▶ [Prompt]:
Exact repetition of every entry is required.

*** Data provided Section Begins ***

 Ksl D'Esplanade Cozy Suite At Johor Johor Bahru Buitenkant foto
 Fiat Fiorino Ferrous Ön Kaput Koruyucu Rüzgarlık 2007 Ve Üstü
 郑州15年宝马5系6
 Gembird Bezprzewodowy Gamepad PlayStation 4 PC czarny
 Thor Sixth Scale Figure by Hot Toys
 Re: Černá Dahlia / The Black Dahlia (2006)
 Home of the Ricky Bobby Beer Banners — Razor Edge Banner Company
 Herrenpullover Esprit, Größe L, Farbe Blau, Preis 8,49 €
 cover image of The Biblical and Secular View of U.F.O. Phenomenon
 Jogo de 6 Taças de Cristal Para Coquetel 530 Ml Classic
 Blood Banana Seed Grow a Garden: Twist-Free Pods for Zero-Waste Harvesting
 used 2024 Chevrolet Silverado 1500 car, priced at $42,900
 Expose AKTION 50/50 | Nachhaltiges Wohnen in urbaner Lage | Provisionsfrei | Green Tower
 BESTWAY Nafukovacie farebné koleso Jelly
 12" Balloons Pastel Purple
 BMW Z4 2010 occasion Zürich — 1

*** Data provided Section Ends ***

▶ [Response to the exercise]:
 Ksl D'Esplanade Cozy Suite At Johor Johor Bahru Buitenkant foto
 Fiat Fiorino Ferrous Ön Kaput Koruyucu Rüzgarlık 2007 Ve Üstü
 郑州15年宝马5系6
 Gembird Bezprzewodowy Gamepad PlayStation 4 PC czarny
 Thor Sixth Scale Figure by Hot Toys
 Re: Černá Dahlia / The Black Dahlia (2006)
 Home of the Ricky Bobby Beer Banners — Razor Edge Banner Company
 Herrenpullover Esprit, Größe L, Farbe Blau, Preis 8,49 €
 cover image of The Biblical and Secular View of U.F.O. Phenomenon
 Jogo de 6 Taças de Cristal Para Coquetel 530 Ml Classic
 Blood Banana Seed Grow a Garden: Twist-Free Pods for Zero-Waste Harvesting
 used 2024 Chevrolet Silverado 1500 car, priced at $42,900
 Expose AKTION 50/50 | Nachhaltiges Wohnen in urbaner Lage | Provisionsfrei | Green Tower
 BESTWAY Nafukovacie farebné koleso Jelly
 12" Balloons Pastel Purple
 BMW Z4 2010 occasion Zürich — 1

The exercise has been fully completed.